Is free college education a mirage?
BERLIN — President Duterte deserves credit for pushing Congress into finally passing a law that decrees free higher education in public colleges and universities. But he merits criticism if his own administration lamely fails to implement what the law mandates.
Congress passed Republic Act No. 10931, which commands “universal access to quality tertiary education by providing free tuition and other school fees” in state and local colleges and public vocational institutions.
In the struggle to pass the new law, there was vigorous opposition from technocrats within the President’s Cabinet. They argued that the government does not have the money to make tertiary education free in public schools.
Even after Congress had passed the law, the President’s economic advisers still mounted a last-ditch effort to convince him to veto the measure. The President deserves praise for having the grounded sense to know that free tertiary education is a long-overdue lifeline that struggling families need to lift themselves out of poverty.
The economic experts opposed to the law argued that the beneficiaries of free tertiary education would be, not the poor, but the families who can afford to pay for their children’s college education. In all probability, this conclusion was formed based on technocrat analysis of income, cost of living, and family size figures that are generalized and hypothesized.
It will do much good for our economic experts to occasionally leave the comforts of their offices, visit the potential subjects of their decisions, and conduct a sampling interview of these real people, and not make their decisions based only on cold statistics.
The kids who go to state colleges and universities are the children of rank-and-file government employees such as teachers, soldiers, police personnel, etc. Others are children of low-ranking employees of private companies like security guards, secretaries, and administrative staff.
For economic experts to sweepingly conclude that these families do not need state support for their children’s college education is to be lamentably detached from reality. These families are able to send their children to state colleges, not because they can afford to, but because they manage to obtain loans to pay for their children’s tuition and living expenses. I know whereof I speak because my mother was a public school teacher and I went to public schools all my life, from grade school to college.

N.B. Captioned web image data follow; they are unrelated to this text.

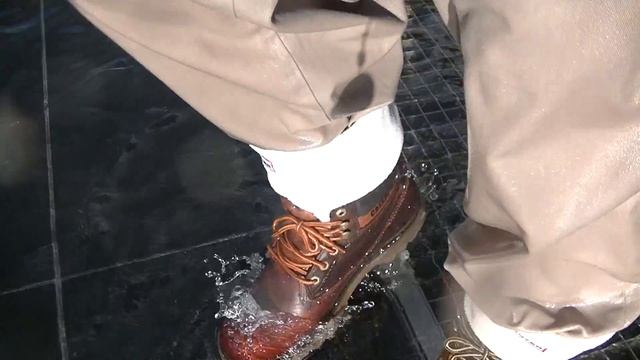 PARABOOT CATERPILLAR & DOCKERS - fully clothed - Totally soaked смотреть онлайн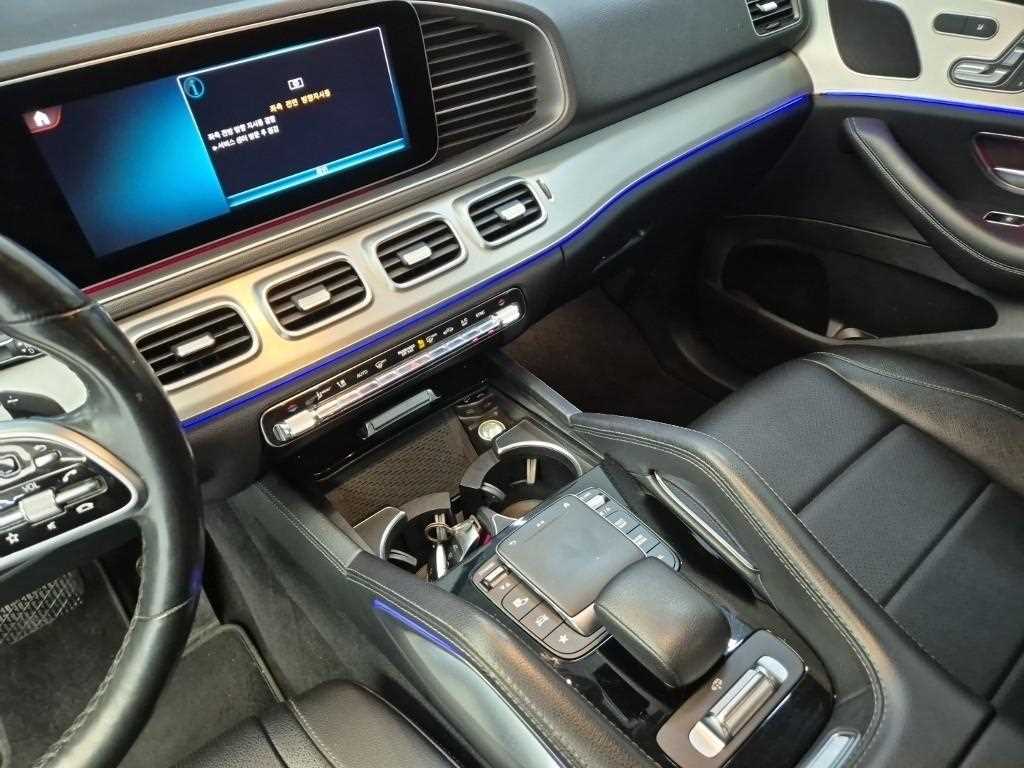 Mercedes Benz GLE Class - Vista 10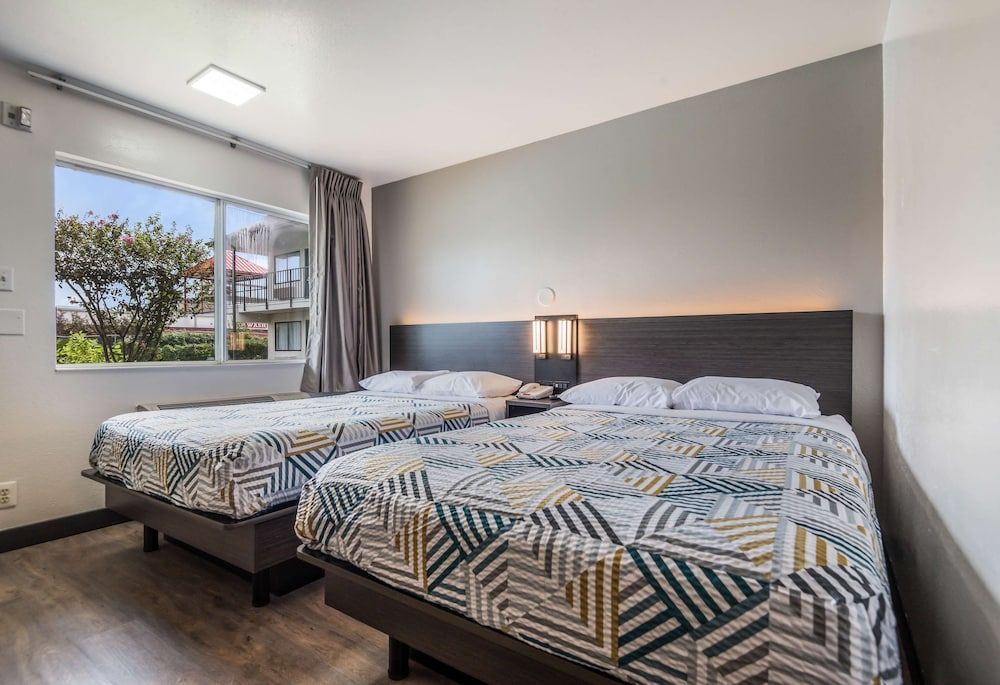 Deluxe Room, 2 Double Beds, Smoking, Refrigerator & Microwave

Technocrats are so liberal in granting incentives to rich businesspeople, but are tight-fisted when it comes to providing
financial breaks to the toiling masses. The old-fashioned view—that the rewards given to businesspeople will result in a trickle down of benefits, and that support for the toiling masses represents pure government expense—needs major rethinking, given the current reality that the rich are getting richer while the poor are getting poorer.

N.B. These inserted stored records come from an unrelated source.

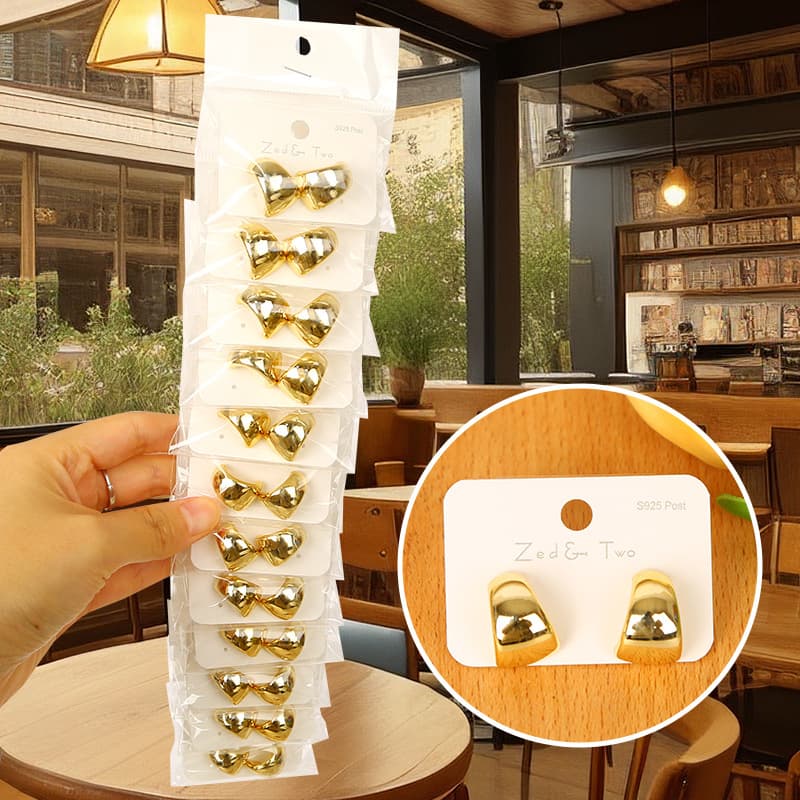 New six pairs of earrings, small, cute and sweet earrings for female students, Korean version, simple and fashionable earrings. 9
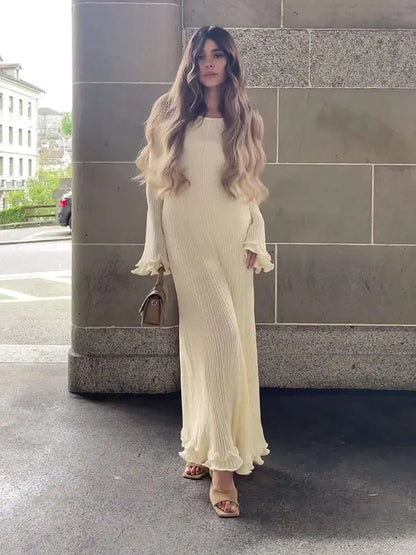 Beautifully Finished Dress in a Timeless Design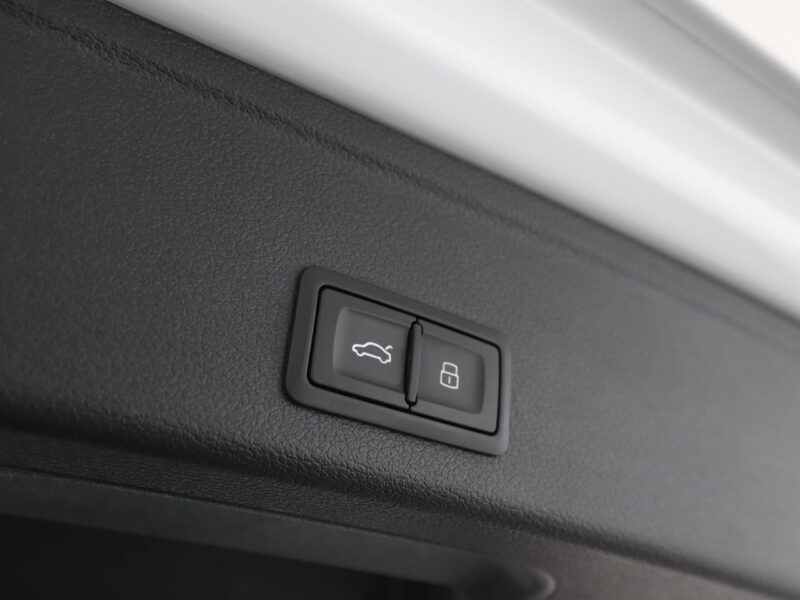 Audi A4 Avant mHEV S-Tronic full LED klima auto virtual cocpit navi grzane fotele ka B9 (2015-)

Technocrats are also slow to adopt procedures that will result in substantially increasing government revenues such as stopping rampant smuggling by wealthy businesspeople, but they are fast in imposing taxes that the poor cannot escape, such as taxes on basic necessities.

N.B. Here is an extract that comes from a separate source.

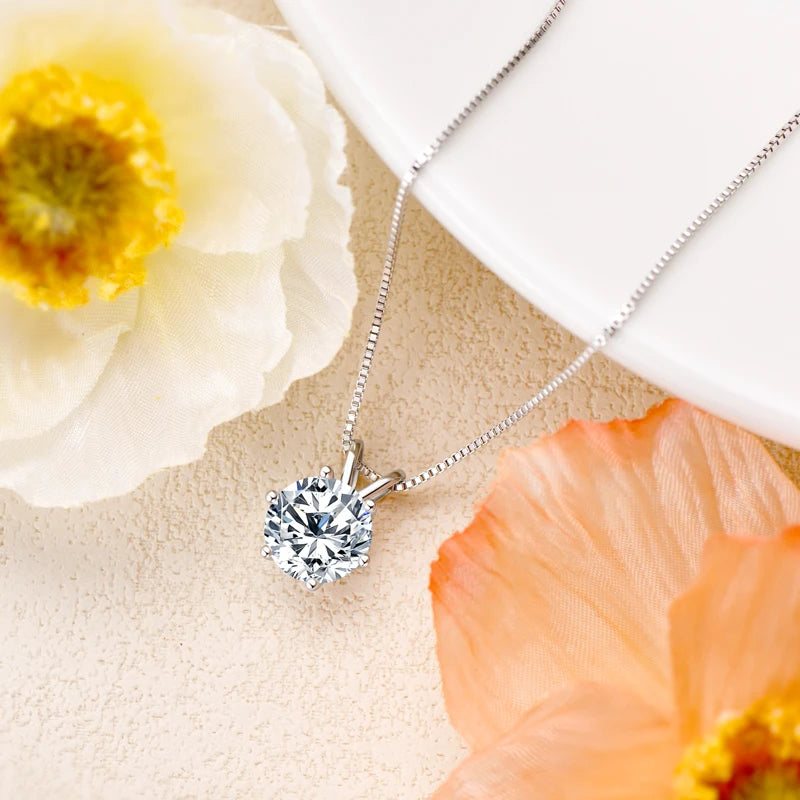 6 claw Moissanite pendant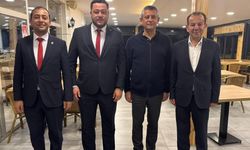 Özgür Özel’den güven tazeleyen il başkanına tebrik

Despite President Duterte’s signing of the law on free college education, the word on the ground is that the law is not being implemented for the given reason that there’s still no budget for it. This is a huge disappointment for countless families.
Prior to the law’s passage, government college scholarships were coursed through members of the House of Representatives as part of their pork barrel entitlements. This practice was discontinued when RA 10931 was passed. Indigent students are now worse off because there are no scholarships and the law on free college education is a mirage.
The President has been vetoed by his technocrats on his free college education program. Now is the time for him to go into tantrums.